Wann sie mit grünem Wasserstoff befüllt werden kann, ist momentan unklar. Die bisher dominierende Wasserkraft hat ein stark begrenztes Ausbaupotenzial. Onshore-Windkraft könnte nach der gescheiterten Strategie mit zusätzlicher Besteuerung weiter an Attraktivität verlieren. Die Offshore-Gewinnung von Windenergie geht mit einem Förderprogramm, das ihre technologische Entwicklung auch für den Export attraktiver machen soll, in die nächste Realisierungsphase. Jedoch ist der Zeithorizont der Umsetzung unklar.
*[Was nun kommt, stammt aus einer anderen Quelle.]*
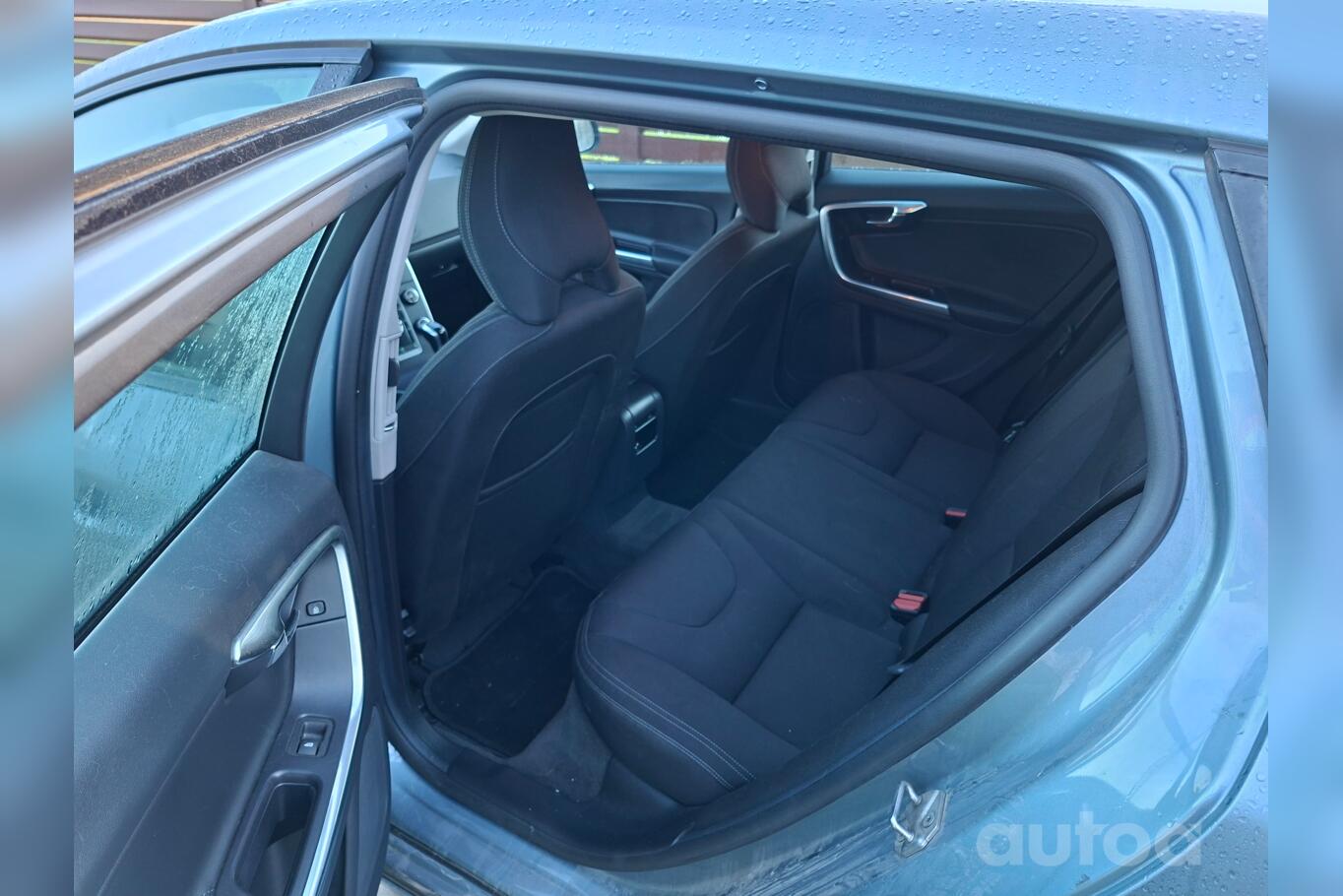 Volvo V60 1 generation [restyling] wagon 5-doors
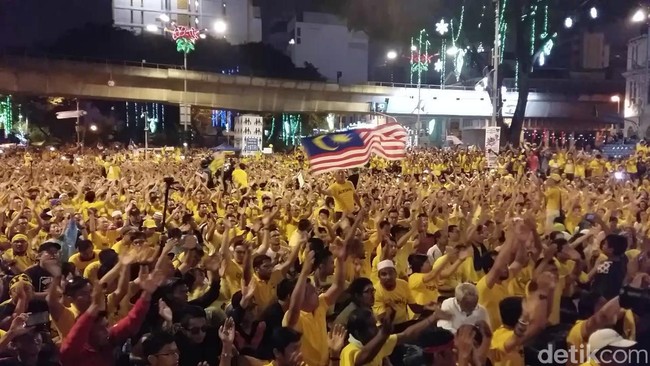 Aksi mendesak perdana menteri turun itu berakhir pada Minggu tengah malam di Kuala Lumpur. PM Najib bergeming atas tuntutan tersebut.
Zudem könnte laut dem Übertragungsnetzbetreiber Stattnett die Stromnachfrage das Angebot bereits 2027 übersteigen. "In den kommenden fünf Jahren wird der Verbrauch voraussichtlich um bis zu 24 Terawattstunden (TWh) steigen, während die Stromerzeugung um etwa 6 TWh erhöht werden soll. Dies wird zu einer negativen Energiebilanz in Südnorwegen von 7 TWh und 2 TWh in ganz Norwegen führen", prognostiziert das Unternehmen. An einen Überschuss für die Produktion von Wasserstoff ist also kaum zu denken.